Re: Trying to Understand BRR
by on (#115220)
Well. It turns out that even my first attempt which brought me here actually 'works' the only issue was that I was using a ungetc() function it sucks balls to say the least.

so I got rid of that :'(

But if it wasn't for this, I wouldn't have learned about sum of deviation. I dunno what that is, I made it up! Oh :mrgreen:

I'm so tired.. I've been up all night:|

Well this exercise helped me in learning a lot about waves. i lerned a lot like a crapload a boutthe wavs. I watched some obscure videos about it too. check this out: http://www.youtube.com/watch?v=8x0ZynWlmDI Im surprised there's no Video bbcode, but I like that there isn't. Nesdev is my safe haven from that bullcrap on facebook and memes and shit.

Now, I don't completely understand how DPCM / ADPCM correlates to the BRR format, maybe because I learned non-traditionally. Once I started learning more about DPCM, I said OH, it's the delta's between adjacent samples (or involving multiple past samples). However!! Low and behold, as the SNES Dev Manual kinda illustrated to me, the steps all stem from 0. I originally interpreted it this way, but the learning of DPCM made me think maybe the step was from the last sample step and so on. I don't know if I'm misunderstanding how this Delta Farce comes in the situation, but I'm not seeing in the BRR yet, nope. And just because filtering will use the past samples doesn't have anything to do with the delta of the steps, does it?

YUGH, IDK.

Hey well if you would like to see my roughly completed source code, and by rough I mean I added support for WAV files but not much processing of them at the moment TEHE.

Another thing I don't know the purpose of, for instance in BRRTools, you can resample your wave file, and interpolate it (don't know what this means yet). Yowza. Don't know what the means and why you'd want to do it.
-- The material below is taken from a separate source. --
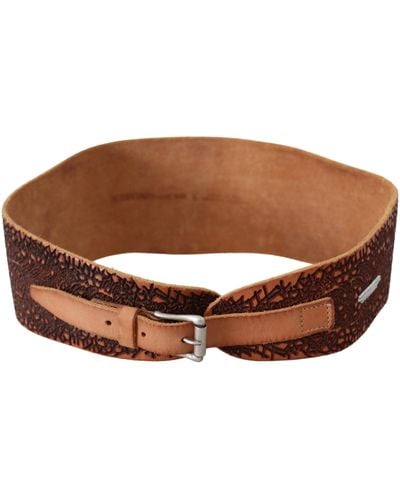 Ermanno Scervino Elegant Leather Fashion Belt - Brown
Then there's the filters to learn about...
Another interesting, mildly confusing document on the adpcm. Hold, this first:

MSDN states:
Quote:
ADPCM stores the value differences between two adjacent PCM samples and makes some assumptions that allow data reduction. Because of these assumptions, low frequencies are properly reproduced, but any high frequencies tend to get distorted.


but in BRR, where is this 'value differences' between 2 adjacent PCM samples?? I suppose it usesthe adjacent samples to get the range value. yeah that's it. Stores/Uses, it's all the same balogna (baloney), but I needed to hear *uses*.

Other useful info on this stuff:
http://ww1.microchip.com/downloads/en/a ... 00643b.pdf
=> Right (t)here baby, it includes a ADPCMEncode() function in C along with detailed comments on the process. That was useful and you could see the light shine a bit on some of that mysterious logic in BRRTools' rip from adpcm.c of SoX, I'm still getting tricked up with it.

I never did link my updated source code. EH i'm too lazy for it.
Well I'll do it anyways: http://www.cs.umb.edu/~bazz/mybrr2/
Re: Trying to Understand BRR
by on (#115243)
BRR is a (proprietary) form of ADPCM. IMA, as used in DS games, is another (standardized) form of ADPCM. There are a few key conceptual differences between the two. Unlike BRR:
  • IMA predicts the step index (that is, range) value for the next samples from the residual values for the previous samples instead of storing it explicitly.
  • IMA uses a fixed filter pred[t] = y[t - 1].
  • IMA stores end and loop points separately.

As for picking which filter to use, try filtering with all four filters and picking the one that gives the smallest peak value. Then choose the range based on this peak value.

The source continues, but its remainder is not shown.